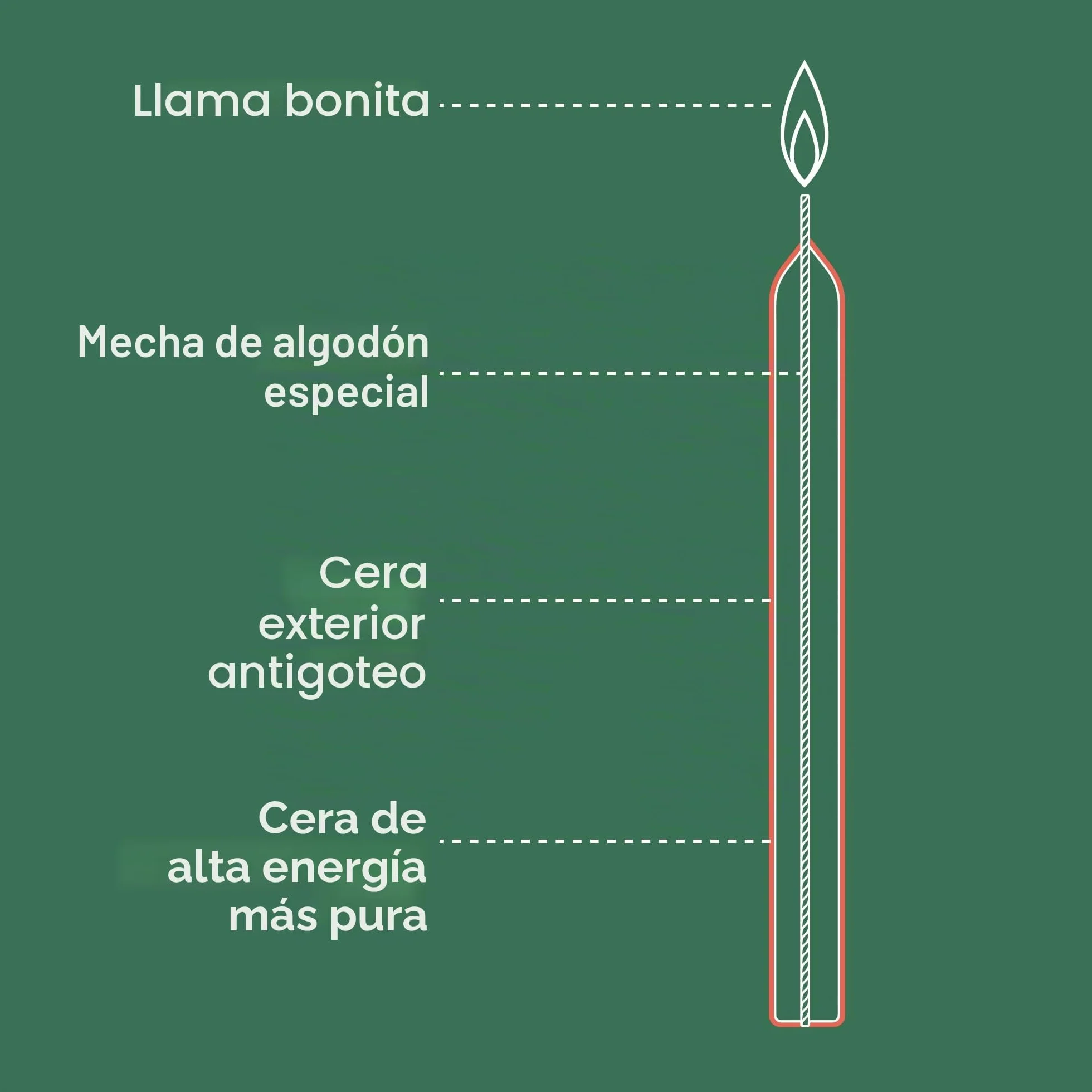 Bolsius Velas cónicas de cena blanco paquete 8 unidades 17 x 2 cm larga duración 5 horas sin perfume cera vegana natural sin goteo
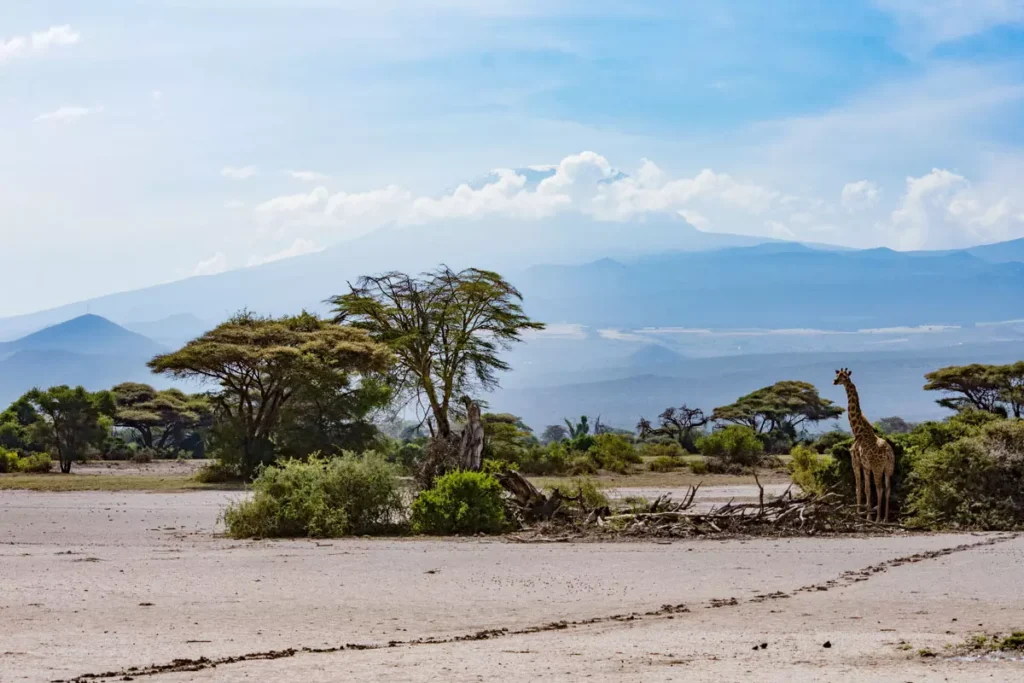 enduimet-the-hidden-gem-at-the-footsteps-of-kilimanjaro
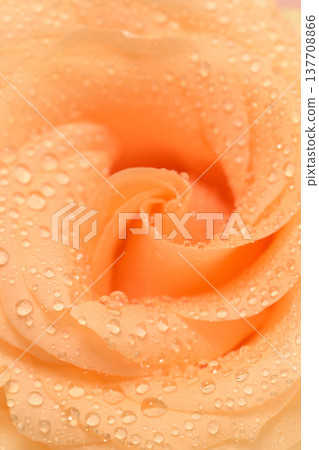 Peach rose, dewdrops, soft petals, gentle spiral, fresh morning, romantic Peach rose, dewdrops, soft petals, gentle spiral, fresh morning, romantic 137708866
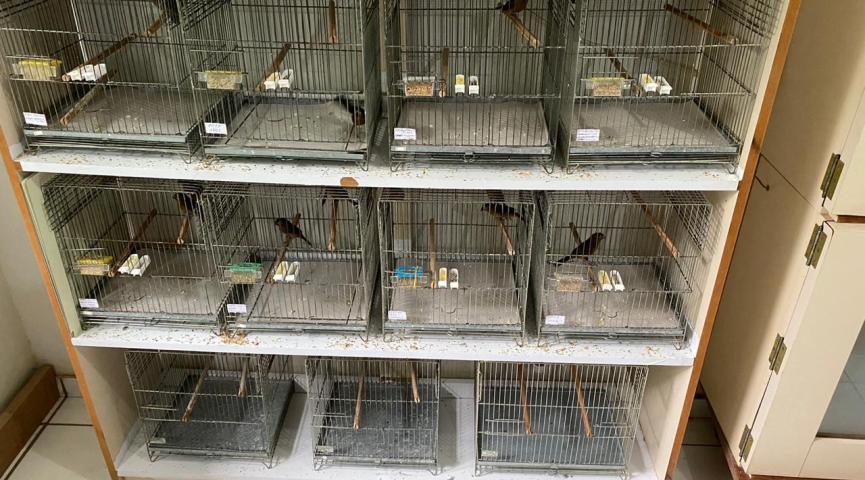 No Acre, pássaros cantam incansavelmente por várias horas após morte do dono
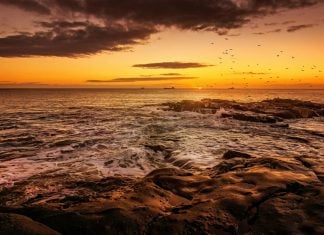 Bookscan 2025: End of the Trail Photo by Ray Bilcliff: https://www.pexels.com/photo/scenic-view-of-a-beach-at-sunset-23914469/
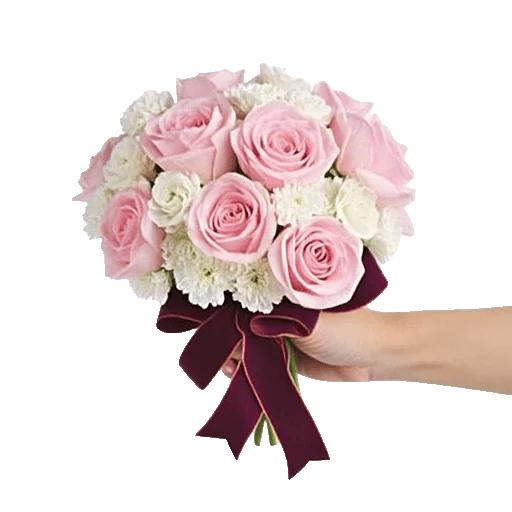 Pastel Pink Roses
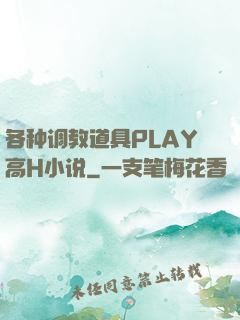 各种调教道具PLAY高H小说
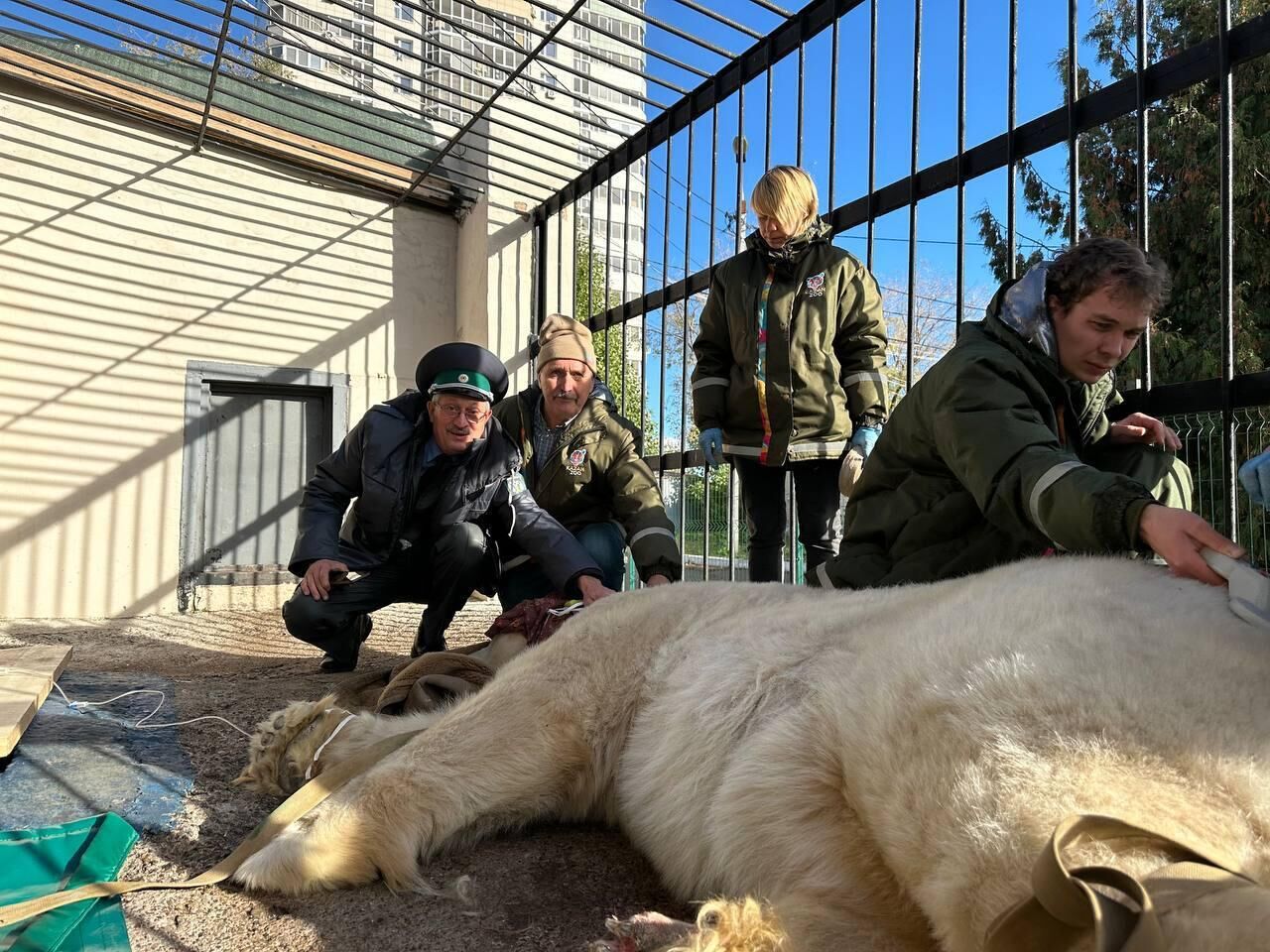 Пожилого краснокнижного белого медведя Терпея перевезли из Перми в Московский зоопарк - РИА Новости, 1920, 17.10.2024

Task instructions:
The lines from the top of the data above through the one holding "enduimet-the-hidden-gem-at-the-footsteps-of-kilimanjaro" are to be repeated exactly, and only those, with no pictures.

Exercise output:
 Bolsius Velas cónicas de cena blanco paquete 8 unidades 17 x 2 cm larga duración 5 horas sin perfume cera vegana natural sin goteo
 enduimet-the-hidden-gem-at-the-footsteps-of-kilimanjaro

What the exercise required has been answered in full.